8

I am currently working on adding type hints to a project and can't figure out how to get this right. I have a list of lists, with the nested list containing two elements of type int and float. The first element of the nested list is always an int and the second is always a float.

my_list = [[1000, 5.5], [1432, 2.2], [1234, 0.3]]
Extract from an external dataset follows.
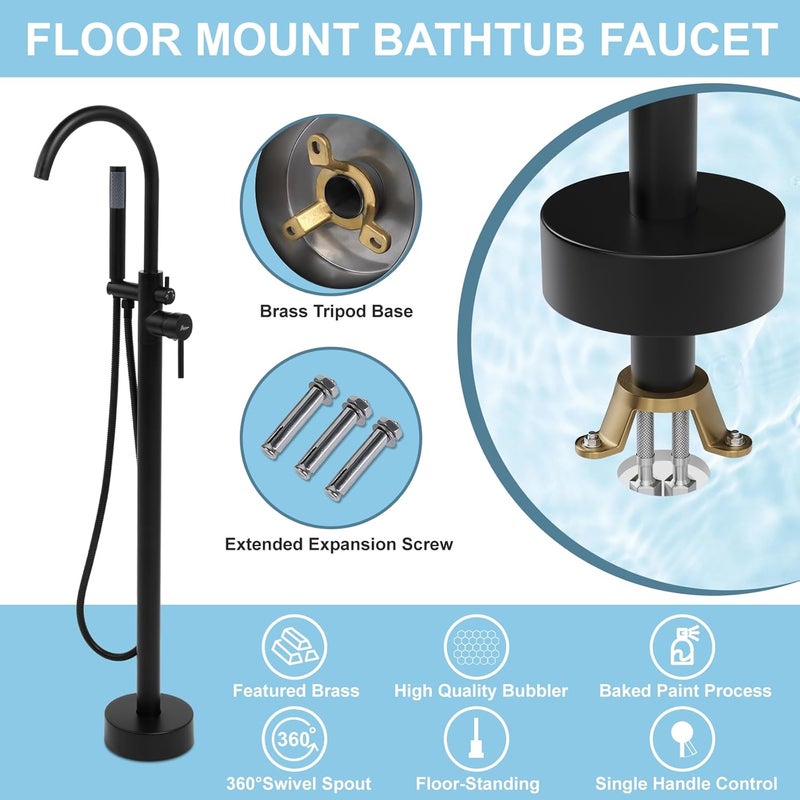 Hawkrown Freestanding Bathtub Faucet, Floor Mount Bathtub Faucet with 2 Water Outlet Modes, Swivel Gooseneck Spout with Hand Shower, Brass Single Handle Tub filler, Max Flow Rate 7.4 GPM, Matte Black - Image 2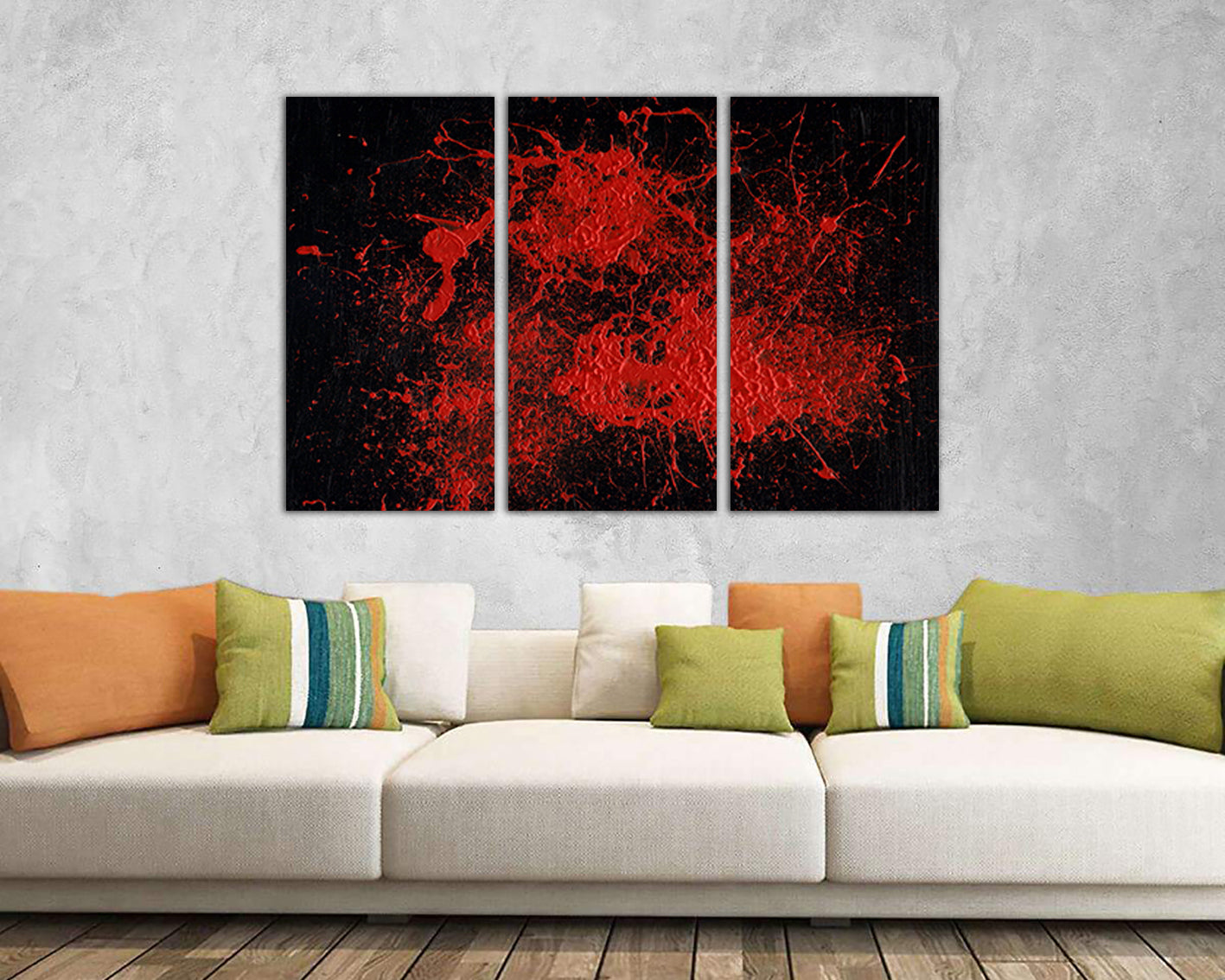 Abstract print on canvas splash of red paint wall art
I would like to type annotate it so that unpacking the inner list in for loops or loop comprehensions keeps the type information. I could change the inner lists to tuples and would get what I'm looking for:

def some_function(list_arg: list[tuple[int, float]]): pass

However, I need the inner lists to be mutable. Is there a nice way to do this for lists? I know that abstract classes like Sequence and Collection do not support multiple types.

kman
  • 95
  • 2
  • 1
    No, i don't think there is any way to do this with lists. lists in the python type system are homogenous – juanpa.arrivillaga May 11 '22 at 10:34
  • 3
    while tuples aren't mutable, your enclosing list is, so you can replace the entire tuple – joel May 11 '22 at 10:44
  • I'm not flagging it as a duplicate, but does this answer your question? [Existence of mutable named tuple in Python?](https://stackoverflow.com/questions/29290359/existence-of-mutable-named-tuple-in-python). The accepted answer suggests using module `recordclass` from pypi. – Stef May 11 '22 at 10:47
  • @Stef The post suggests using a third party class which I would rather avoid doing. I was looking for a solution more focused on type hinting, with clever sub-classing or something similar. – kman May 12 '22 at 09:42
  • @joel That's what I've ended up going with, thank you for the suggestion. – kman May 12 '22 at 09:42
  • @kman I see you found a way to drop your requirement of mutability, as joel suggested. Sadly I can't do that... I've started a bounty here. – Pedro A Sep 19 '22 at 03:31
  • 1
    It's not possible. See [Specify length of Sequence or List with Python typing module](https://stackoverflow.com/questions/44833822/specify-length-of-sequence-or-list-with-python-typing-module). – aaron Sep 19 '22 at 04:26

3 Answers3

4

I think the question highlights a fundamental difference between statically typed Python and dynamically typed Python. For someone who is used to dynamically typed Python (or Perl or JavaScript or any number of other scripting languages), it's perfectly normal to have diverse data types in a list. It's convenient, flexible, and doesn't require you to define custom data types. However, when you introduce static typing, you step into a tighter box that requires more rigorous design.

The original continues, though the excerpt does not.